In the ANNIE Connect study group this week on Friday (Sept. 15), I would like to share and discuss the pitfalls of teaching fact-checking with some examples, focusing on what some students find difficult.
By the way, thank you to those who responded to the poll in the previous newsletter. Since more people prefer the 10:30 to 11:30 (GMT+8) time frame, we decided to change the schedule.
You should have received (or will receive soon) an invitation with the revised time if you have registered for ANNIE Connect before, but just in case, here’s the registration link:
Now, here is one example assignment to give you an idea:
Example of student submission
A student proposed to investigate the tweet below.
Claim: A Twitter post alleges that delivery-only restaurants in Korea have extremely poor hygiene conditions, providing photos and a video from Korean news outlet MBC as evidence. The visuals depict the unhygienic kitchen of a delivery-only restaurant in Busan, South Korea. The account owner also claims that many such restaurants have blocked windows.
Spread: Posted on March 19, the tweet has been retweeted over 1,400 times within two days and has received over 152k views. Given the growing concern surrounding hygiene issues, the tweet is likely to gain further attention and spread more widely.
Significance: The claim that delivery-only restaurants maintain poor hygiene conditions could severely impact the food delivery industry. If proven false, numerous delivery-only restaurant owners who maintain good hygienic standards could suffer significant profit losses, potentially leading to closures.
Initial assessment: The evidence presented focuses on a single restaurant, which is insufficient to support a general claim about the entire industry. To verify the claim, one could monitor the Korean news outlet that provided the video for further updates, or review annual or monthly assessments from the Korean hygiene management department to determine the percentage of delivery-only restaurants that meet hygiene standards.
As you can tell, the above example was submitted by a student from Korea who was studying at our university, which is located in Hong Kong, making it even harder to fact-check the claims in the tweet.
The following is what I wrote as feedback:
You have discovered an intriguing claim that is certainly worth investigating. However, in its current form, your proposal focuses on a factor that is not entirely fact-checkable by a student in Hong Kong. While this could be excellent material for further journalistic investigation in Korea, it is not suitable for a fact-checking project in this course.
Here's why it's not fact-checkable.
Implied claim to be investigated: Many delivery-only restaurants in Busan have blocked their windows, presumably to conceal poor hygiene conditions, as demonstrated by the one mentioned in the MBC news report.
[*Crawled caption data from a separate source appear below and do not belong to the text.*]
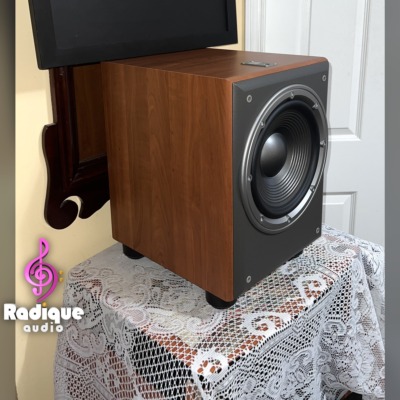 JBL Northridge E150P subwoofer at an angle, cherry side panel and the exposed 10 inch driver on the front baffle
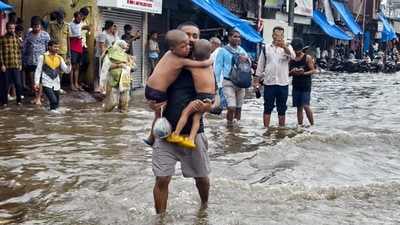 A man carries two children in Chunabhatti's Swadeshi Mill Chawl, flooded by last night's rains. HT Photo Raju Shinde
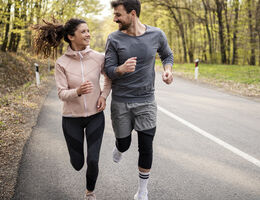 A man and a woman run down a road.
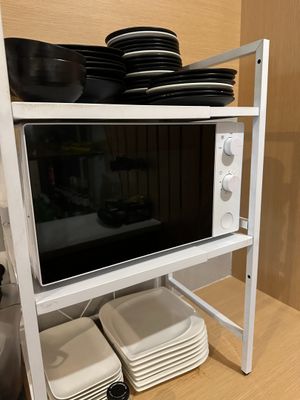 a microwave that is on top of a shelf with plates and bowls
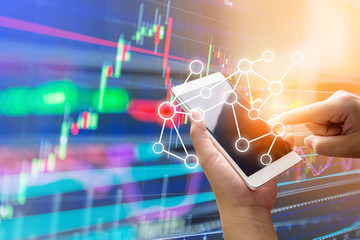 business connection concept with hand use smartphone with background of stock market chart analysis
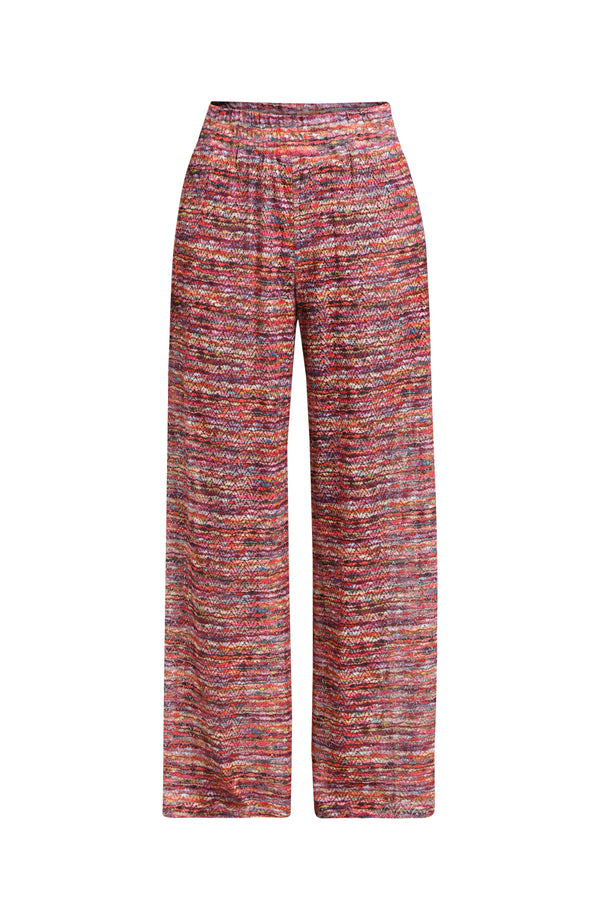 Floating image of long beach pants in a multicolored ripple pattern featuring an elastic waist.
Assessment: Attempting to fact-check the windows of "many" restaurants in Busan from Hong Kong and investigate what the hidden kitchens behind them look like is not feasible. It is perhaps not realistic even for most people living in Busan as well, given the time it requires and potential troubles one might encounter with restaurant owners.
Your suggested two methods:
Wait for MBC to follow up and check other restaurants. — Yes, you may find out more but this is not a fact-checking methodology.
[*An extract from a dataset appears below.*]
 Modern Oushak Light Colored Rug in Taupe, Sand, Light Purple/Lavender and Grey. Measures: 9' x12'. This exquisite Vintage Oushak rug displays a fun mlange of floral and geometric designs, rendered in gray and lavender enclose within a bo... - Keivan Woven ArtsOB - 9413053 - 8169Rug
Check the records compiled by authorities. — You have not indicated if you have looked and made sure such data or records are available. But even if they exist, their accuracy in reflecting the real situation cannot be guaranteed.
The existence of the MBC news report itself suggests that this issue has not been widely recognised by the public.
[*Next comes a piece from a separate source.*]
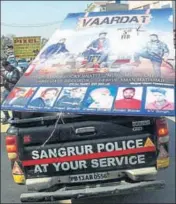  ??  ?? ■ Police taking away the poster of a music album by Rocky Bhatti near Government Ranbir College in Sangrur on Wednesday. HT PHOTO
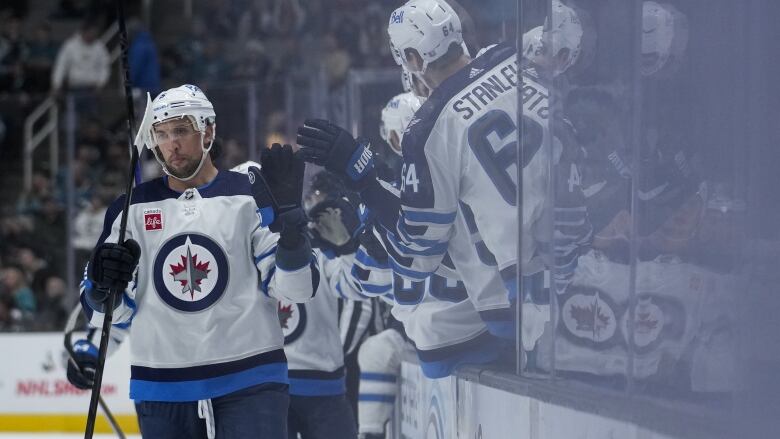 Winnipeg Jets player high-fives players on the bench.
If authorities were aware, it is likely that those restaurants would have been warned, and more news about this issue would have already been available in Korea.
This claim might require the type of investigation for you to go undercover, which is again not something a university student in Hong Kong can undertake.
I agree that the claim holds significance for people in Busan, especially if the number of unhygienic restaurants could be determined and there are indeed many.
However, for the reasons mentioned above, it is very unlikely that you can find that out.